Function File: demo ('name',n)

Runs any examples associated with the function 'name'. Examples are stored in the script file, or in a file with the same name but no extension somewhere on your path. To keep them separate from the usual script code, all lines are prefixed by %!. Each example is introduced by the keyword 'demo' flush left to the prefix, with no intervening spaces. The remainder of the example can contain arbitrary Octave code. For example:

 
   %!demo
   %! t=0:0.01:2*pi; x = sin(t);
   %! plot(t,x)
   %! %-------------------------------------------------
   %! % the figure window shows one cycle of a sine wave

Note that the code is displayed before it is executed, so a simple comment at the end suffices.

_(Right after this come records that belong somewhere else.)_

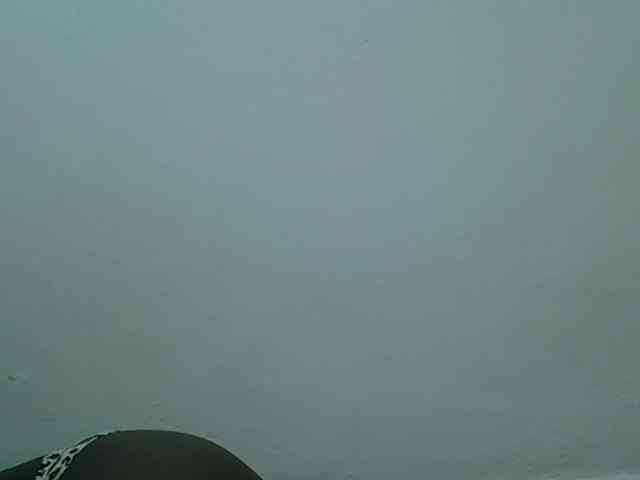 Bubblybooty webcam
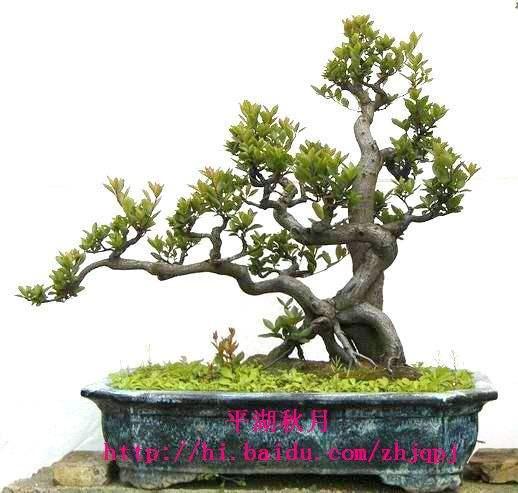  花卉盆景的种类繁多，它们不仅具有观赏价值，还能为家居环境增添一份生机和美感。本文将介绍花卉盆景的种类、特点、养护方法以及注意事项，帮助您更好地了解和养护花卉盆景。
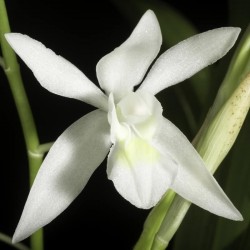 Coelogyne nitida f. lemoniana 'J&L'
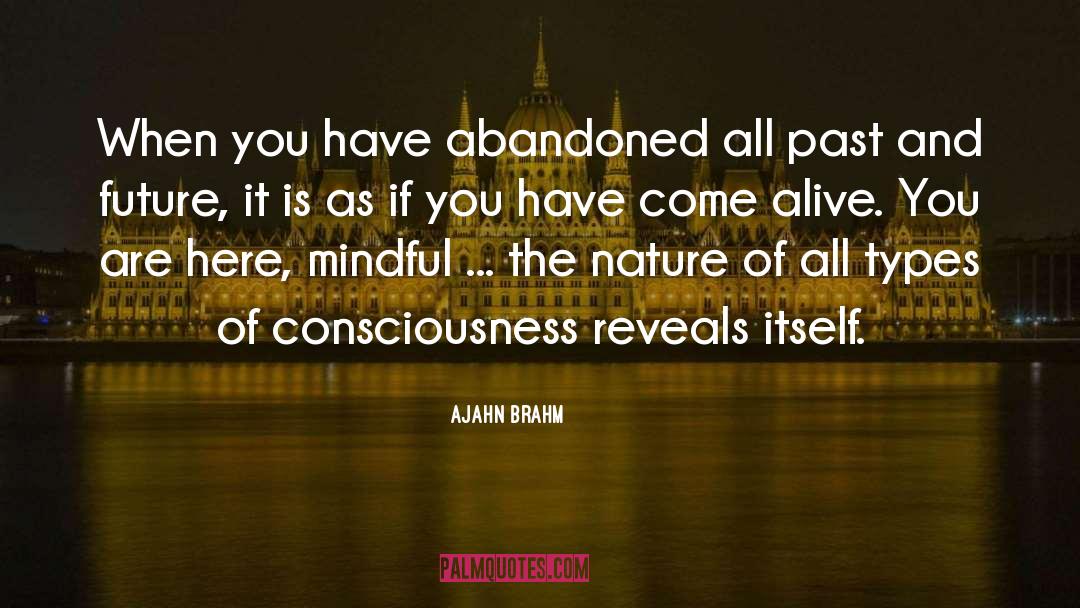 Abandoned Child quotes by Ajahn Brahm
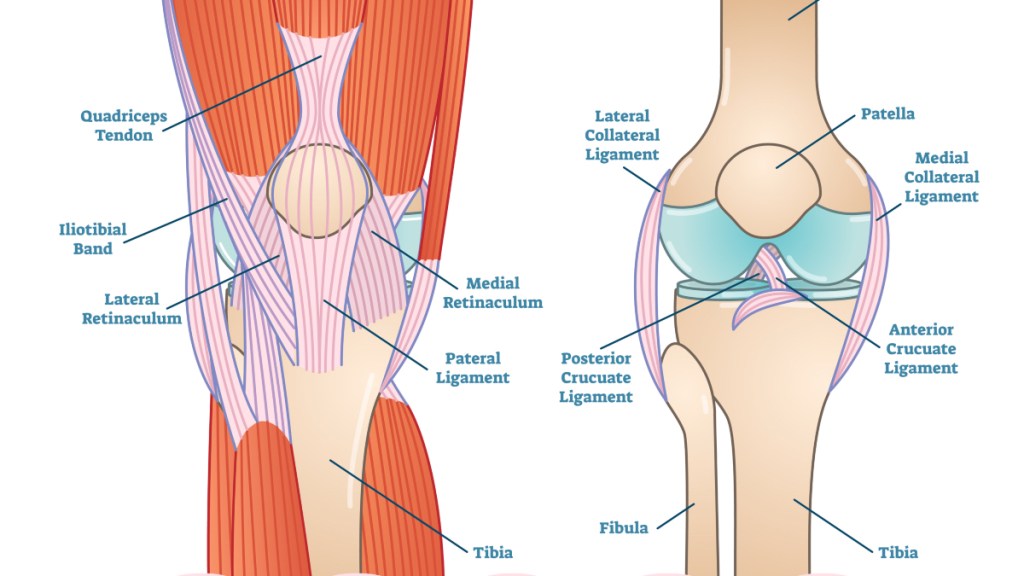 An illustration of muscles and tendons around the knee, which can cause pain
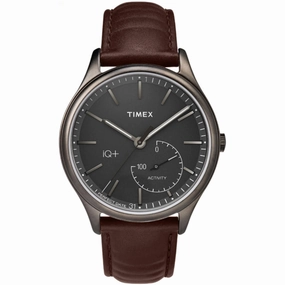 Timex Men's Watch - IQ  Quartz Brown Case Grey Dial Leather Strap | TW2P94800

It is generally not necessary to use disp or printf within the demo.

Demos are run in a function environment with no access to external variables. This means that all demos in your function must use separate initialization code. Alternatively, you can combine your demos into one huge demo, with the code:

 
   %! input("Press <enter> to continue: ","s");

between the sections, but this is discouraged. Other techniques include using multiple plots by saying figure between each, or using subplot to put multiple plots in the same window.

Also, since demo evaluates inside a function context, you cannot define new functions inside a demo. Instead you will have to use eval(example('function',n)) to see them. Because eval only evaluates one line, or one statement if the statement crosses multiple lines, you must wrap your demo in "if 1 <demo stuff> endif" with the 'if' on the same line as 'demo'. For example,

 
  %!demo if 1
  %!  function y=f(x)
  %!    y=x;
  %!  endfunction
  %!  f(3)
  %! endif

See also: test, example.

Function File: rundemos (directory)

Function File: example ('name',n)
Function File: [x, idx] = example ('name',n)

Display the code for example n associated with the function 'name', but do not run it. If n is not given, all examples are displayed.

Called with output arguments, the examples are returned in the form of a string x, with idx indicating the ending position of the various examples.

See demo for a complete explanation.

See also: demo, test.

Function File: speed (f, init, max_n, f2, tol)
Function File: [order, n, T_f, T_f2] = speed (…)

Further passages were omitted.